O zamanlar belki şimdiki gibi bizler için cazip olmasa da bizler küçücük şeylerle mutlu olabilen bireylerdik aslında. Çünkü o yıllarda herkes eşitti. Herkesin varlığı ve yokluğu hemen hemen aynıydı. Bu nedenle olacak ki kimsede gurur ve kibir de yoktu.
Her bayram arifesinde olduğu gibi tatlı bir telaş oluyordu bizim köyde de. Bayramlıklar ceviz sandıklarından çıkarılarak hazır ediliyordu. Cızlavut lastiklerimizi bir kenara koyarak babamızın salı pazarından aldığı iskarpinlerimiz gıpgıcır bizlere bakıyordu.
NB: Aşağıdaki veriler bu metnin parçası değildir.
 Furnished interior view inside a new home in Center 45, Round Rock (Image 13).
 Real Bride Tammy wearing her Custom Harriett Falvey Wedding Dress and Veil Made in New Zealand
Ve bayram sabahı balarımızın ellerinden tutarak bir elimizle bayramlık gömlek ve pantolonlarımızı okşuyor faltaşı açılan gözlerimizle ayakkabılarımızdan alamıyorduk gözlerimizi.
Namaz sonrası camiinin içinde genişçe bir halka kurularak hemen herkesle bayramlaşıyorduk. Daha sonra köyün imamı ile bütün köylüler mezarlığa giderek Yasin okuyor ve dualar ediyorduk. Ardından ellerimizde küçücük bir poşet köyün altını üstüne getirerek şeker ve lokum topluyorduk. Hemen her sanki bizimdi ve her evde bir annemiz, akrabamız vardı.
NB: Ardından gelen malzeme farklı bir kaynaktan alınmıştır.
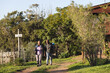 © Wavebreak Media - Senior african american couple with backpacks walking in sunny nature
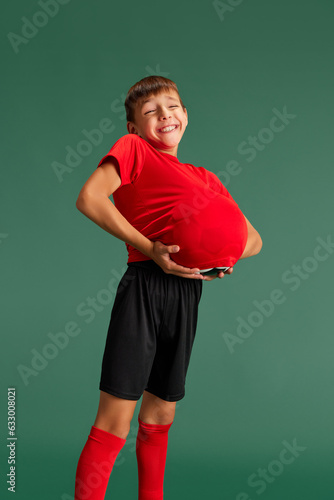 Smiling, cheerful little boy, child in sportswear holding ball under t-shirt against green studio background. Concept of childhood, kids emotions, sportive lifestyle, action, hobby, ad © master1305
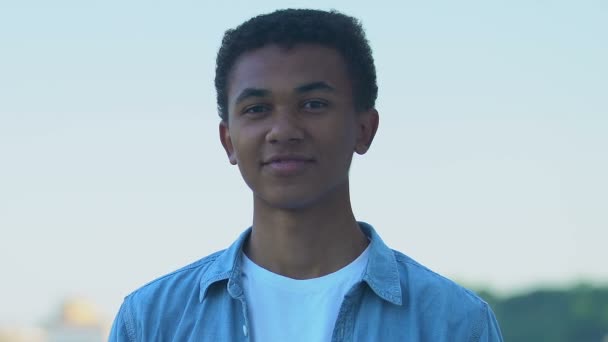 Happy African-American teenager boy smiling at camera outdoors, positivity — ストック動画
Ve bundan tam kırk yıl sonra yine Gümüşhane'de bir bayram arifesindeyiz. Bir ay boyunca Rabbim kabul buyursun diyerek oruçlarımızı tutarak namazlarımızı kılmaya gayret gösterdik. Aslında "biz oruç değil oruç bizi tuttu" dersek daha olur kanaatindeyiz. Ancak oruç maalesef bu mübarek ayda bizleri tutamayacak olacak ki din ve imandan ve dahi insanlıktan nasibini alamamış olan şer güçler cana kıymaya ve masum canları yok etmeye devam ededurdular. Rabbim kahhar adıyla bu aziz vatanı, bayrağımızı ve şehit kanıyla yoğrulu toprağımızı bölmeye çalışanları kahr-u perişan eylesin (Amin)
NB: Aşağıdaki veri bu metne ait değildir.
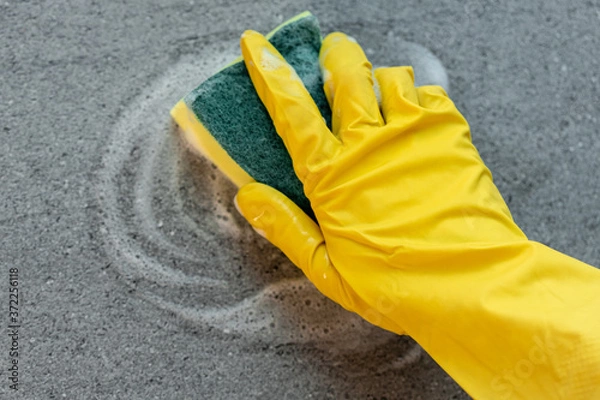 Obraz Woman's hands in yellow gloves cleaning counter top in kitchen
Kemaliye Camii her bayram sabahı olduğu gibi Gümüşhaneliler tarafından hıncahınç dolmuştu. Çocukların yüzlerinde masum bir tebessüm, babalarda onur ve gurur bir ayın sonunda verdiği tatlı bir telaş vardı. Salavat ve tekbirlerle camii içinde adeta bir cenneti hava nakşediyordu. Sıddık Hoca hutbede vaazı nasihat ediyordu kardeşlik ve güzellikler üstüne.
Bayram namazı huşu içinde kılınarak çocukluğumdan kalan o bayramlaşma halkası içerisinde buluyoruz kendimizi. Küçücük şehrin olumlu yanları bu olsa gerektir ki hemen herkes birbirini tanıyor ve kucaklaşarak bayramlaşıyorlardı.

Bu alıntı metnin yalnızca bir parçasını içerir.